Itsy Bitsy Bytes


on hosting-adventures

How I stumbled my way into adding SSL to my domain

I must admit I have no idea what I'm doing when it comes to self-managed hosting. The past two years have been full of hosting-related adventures yet I still feel overjoyed each time I manage to achieve something trivial (with great efforts, I should add).

After a couple of days go I successfully added a www to non-www rediraction for my domains, I gathered enough courage to attempt a SSL certificate installation. And boy, did I need that courage...

The process should actually be rather straight-forward and it is, assuming all the stars are perfectly aligned. Unfortunately, it was not the case for me.

The SSL certificate part was graciously and gratuitously covered by Let's Encrypt. DigitalOcean offered a great tutorial on How To Secure Nginx with Let's Encrypt on Ubuntu 14.04. However, I found this post by John Gibby much more helpful: How to use Letsencrypt with multiple domains on Nginx and Ubuntu. I'd recommend you start with all the steps covered there first.

As usual, here's my straightforward and TL;DR version on what needs to be done.

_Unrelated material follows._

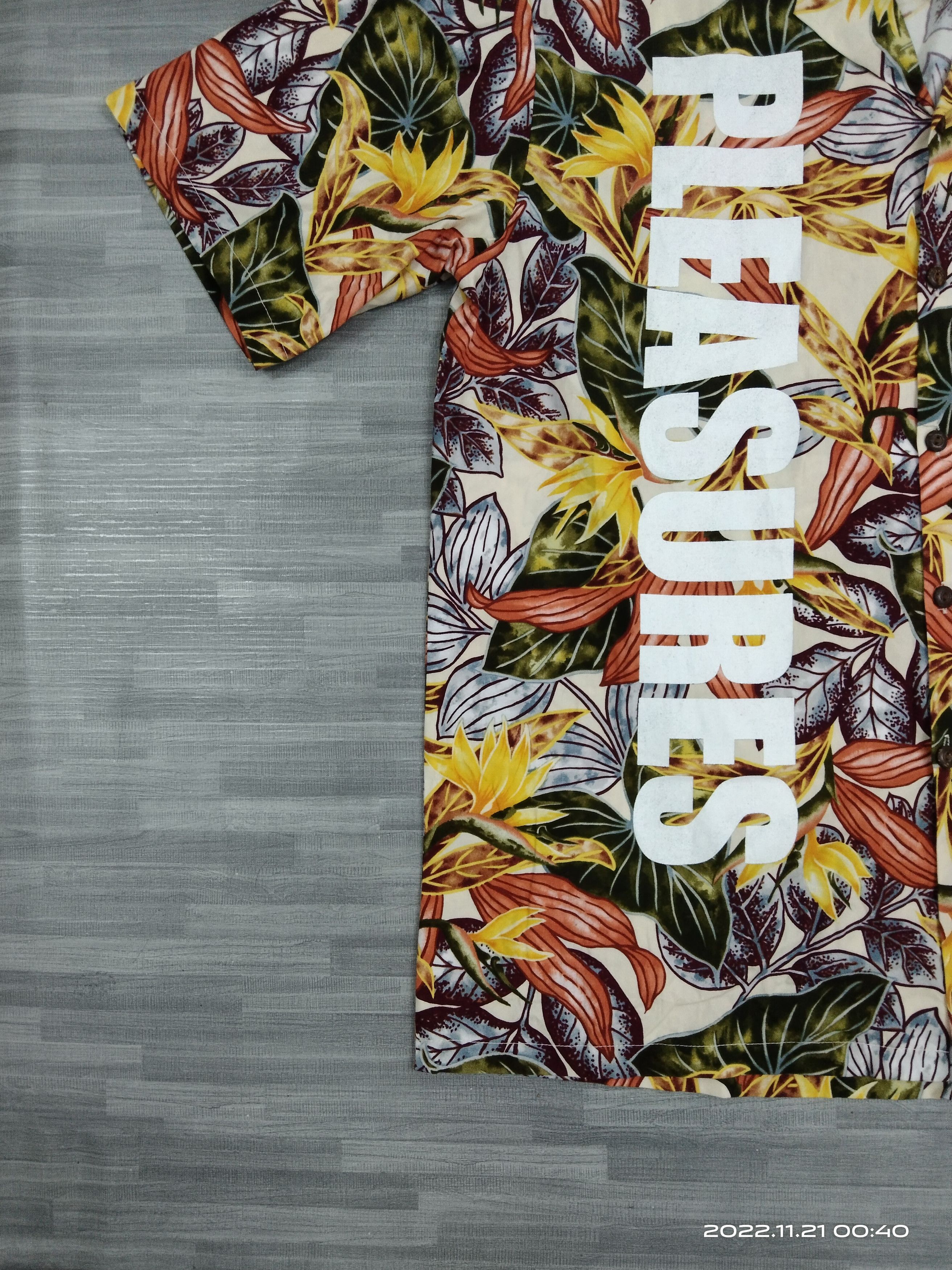 Pleasures GRAIL🔥OG PLEASURES SPELLOUT FLORAL HAWAIIAN BUTTON UP Size US L / EU 52-54 / 3 - 3 Thumbnail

Start by cloning the Letsencrypt repo:

sudo git clone https://github.com/letsencrypt/letsencrypt /opt/letsencrypt

Head to the newly created directory:

cd /opt/letsencrypt

Stop Nginx, just to be sure:

sudo service nginx stop

Attention! Before beginning to create and install the SSH certificate, there are two huge gotchas.

  1. You need to have at least python 2.7.9. You can check your current version by running python -V. I had 2.7.6 which resulted in some very cryptic errors and only good ol' googling helped me.

  2. Make sure you have plenty of RAM, otherwise you will run into another cryptic error (Error code 1). For me a temporary flexible resize to a 1Gb RAM droplet did the trick.

If you took care of the aforementioned things, you can now start the installation process (do not forget replace yourdomain.com with your domain):

sudo ./letsencrypt-auto certonly -d yourdomain.com --standalone

After everything is installed you will be taken to a simple GUI interface with just two screens. One where you enter your email...

letsencrypt enter email address

... and one where you agree to their terms.

letsencrypt agree to terms

Last but not least, the .conf file editing. None of the suggested edits from neither tutorial worked for me (no surprise, to be honest) and I kept running into a ominously looking 502 Bad Gateway error.

With the help of another blog post, How to secure Nginx with Let's Encrypt on Ubuntu I managed to cobble something up.


server {
    listen 443 ssl;

    server_name yourdomain.com;

    root /var/www/yourdomain.com/public_html;
    index index.html index.htm;

    ssl_certificate /etc/letsencrypt/live/yourdomain.com/fullchain.pem;
    ssl_certificate_key /etc/letsencrypt/live/yourdomain.com/privkey.pem;
}
server {
    listen 80;
    server_name yourdomain.com;
    return 301 https://$host$request_uri;
}
server {
    listen 80;
    server_name www.yourdomain.com;
    return 301 https://yourdomain.com$request_uri;
}

Now everything works just as expected (you can admire the secure version of my project, Când e liber?) with just one small hiccup: the secure www version is not ok but I'm quite confident it's simply because I need a new certificate for it.